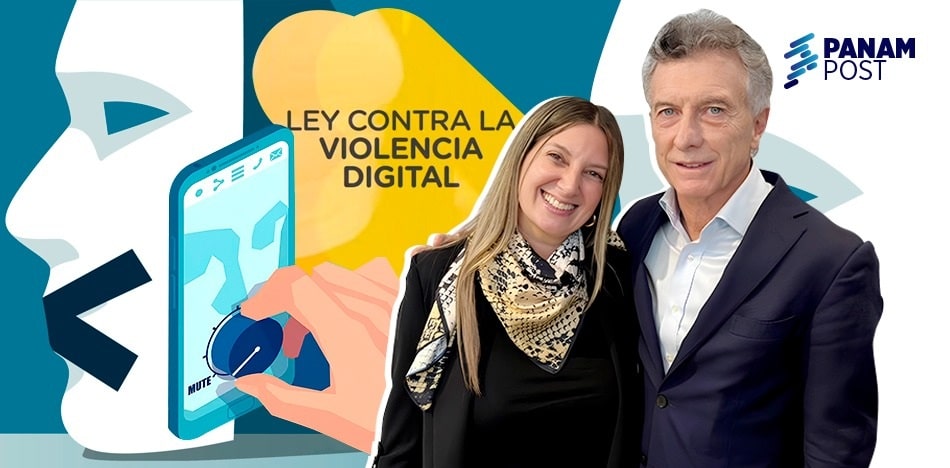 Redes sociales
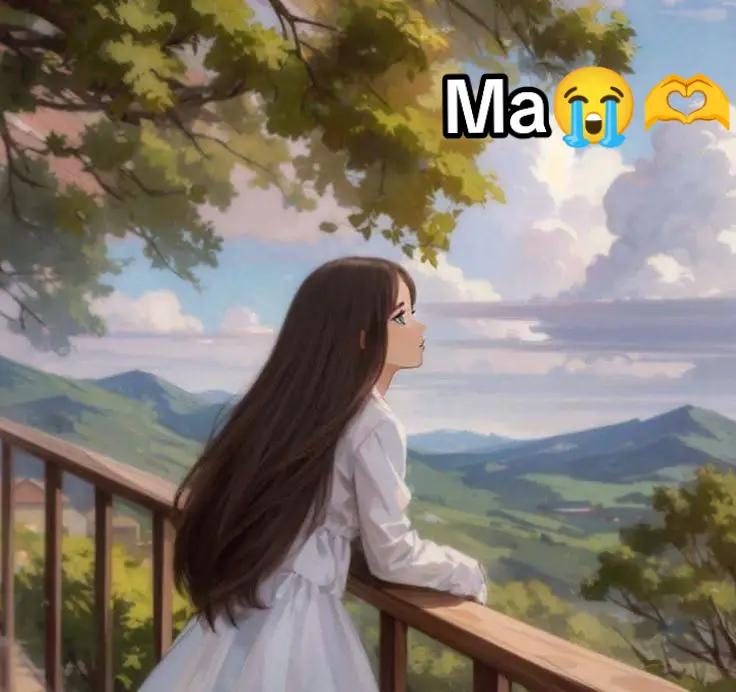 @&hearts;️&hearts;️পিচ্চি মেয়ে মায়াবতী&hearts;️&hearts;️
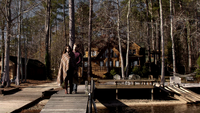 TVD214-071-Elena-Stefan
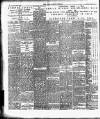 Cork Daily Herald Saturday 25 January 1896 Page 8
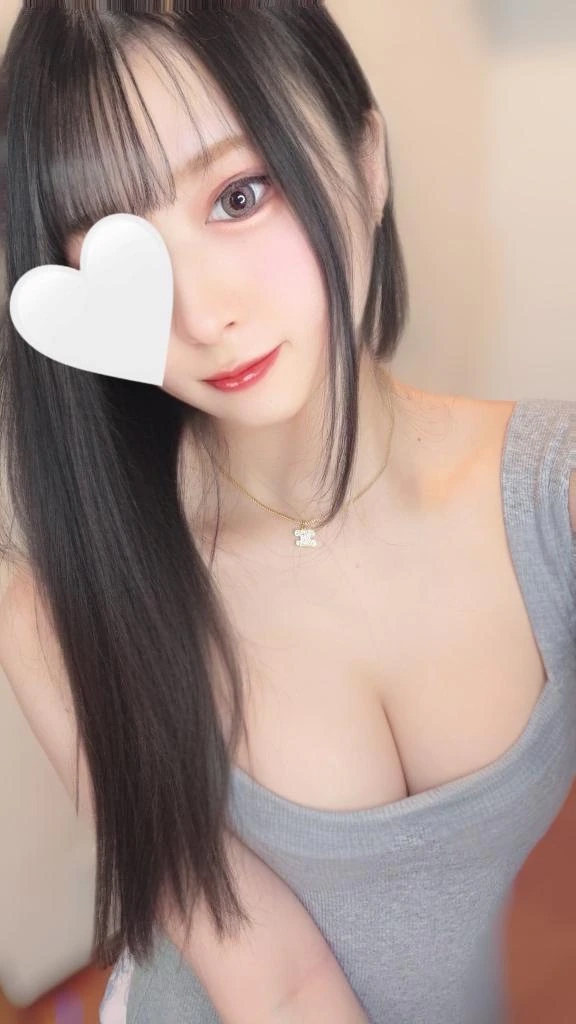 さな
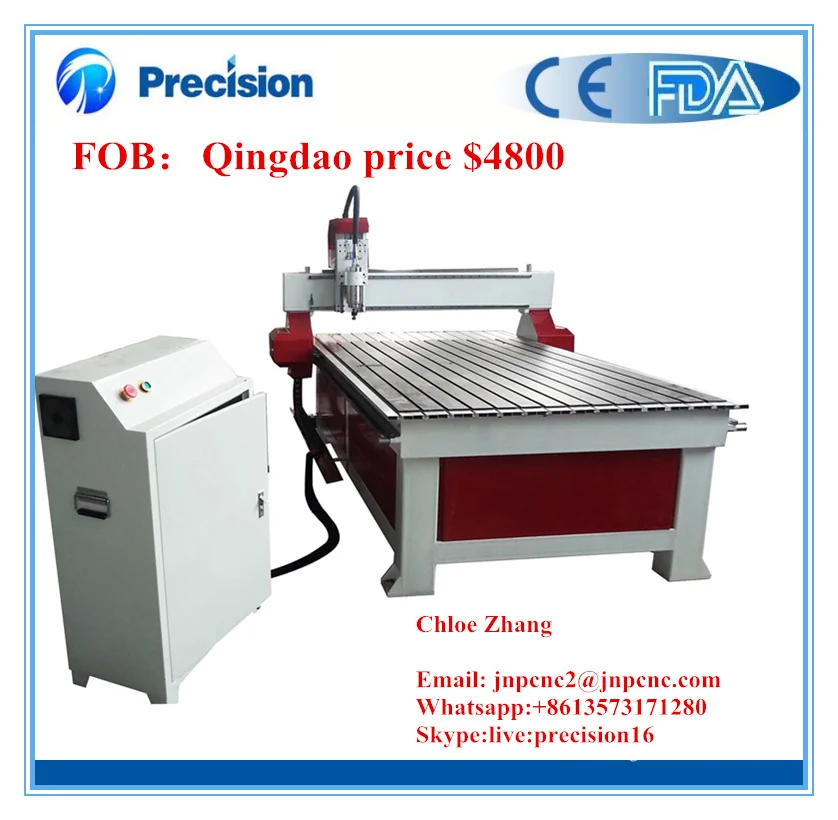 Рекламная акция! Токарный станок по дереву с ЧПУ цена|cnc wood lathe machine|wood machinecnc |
========================
### [PROBLEM TO WORK ON]
The answer must be the full listing, restated word for word, with no pictures in it.

### [SOLUTION FOR THIS PROBLEM]
 Redes sociales
 @&hearts;️&hearts;️পিচ্চি মেয়ে মায়াবতী&hearts;️&hearts;️
 TVD214-071-Elena-Stefan
 Cork Daily Herald Saturday 25 January 1896 Page 8
 さな
 Рекламная акция! Токарный станок по дереву с ЧПУ цена|cnc wood lathe machine|wood machinecnc |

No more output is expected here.